Sumber: CoinEdition
Judul Asli: Trump Katakan RUU Struktur Pasar Crypto Utama Bisa Ditandatangani Segera
Tautan Asli:
Presiden Trump mengatakan dia berharap dapat menandatangani undang-undang crypto segera.
Administrasi bertujuan menjaga AS sebagai pusat crypto global.
Pejabat mengatakan bank akan sepenuhnya mengadopsi crypto setelah aturan struktur pasar disahkan.
Presiden Donald Trump mengatakan hari Rabu bahwa dia berharap dapat menandatangani undang-undang crypto utama segera. Dia membuat pernyataan tersebut di Forum Ekonomi Dunia di Davos, Swiss. RUU ini bertujuan untuk mengubah cara aset digital diatur di Amerika Serikat.
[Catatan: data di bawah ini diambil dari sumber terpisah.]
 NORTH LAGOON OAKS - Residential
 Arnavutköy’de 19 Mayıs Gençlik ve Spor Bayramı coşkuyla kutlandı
Trump Tegaskan Kembali Dorongan untuk RUU Crypto
Presiden mencatat bahwa AS hampir menyetujui undang-undang struktur pasar cryptocurrency yang komprehensif. Trump mengatakan Kongres sedang aktif mengerjakan undang-undang yang mencakup Bitcoin, Stablecoins, dan pasar crypto yang lebih luas. Dia menambahkan bahwa dia berharap RUU tersebut akan segera sampai di mejanya.
Trump juga mengulangi visinya untuk industri aset digital, mengatakan bahwa pemerintahannya fokus memastikan Amerika Serikat tetap menjadi pusat inovasi crypto global.
Apa Tujuan RUU Struktur Pasar
Rancangan undang-undang yang diusulkan bertujuan untuk mendefinisikan bagaimana badan federal mengatur pasar cryptocurrency. Ini bertujuan untuk memperjelas tanggung jawab pengawasan antara regulator seperti Securities and Exchange Commission dan Commodity Futures Trading Commission.
Pendukung mengatakan bahwa RUU ini akan mengurangi ketidakpastian regulasi yang telah memperlambat partisipasi institusional dan menyulitkan kepatuhan bagi perusahaan crypto yang beroperasi di AS. Para pembuat undang-undang berargumen bahwa kerangka kerja yang lebih jelas dapat mendorong inovasi sekaligus meningkatkan perlindungan konsumen.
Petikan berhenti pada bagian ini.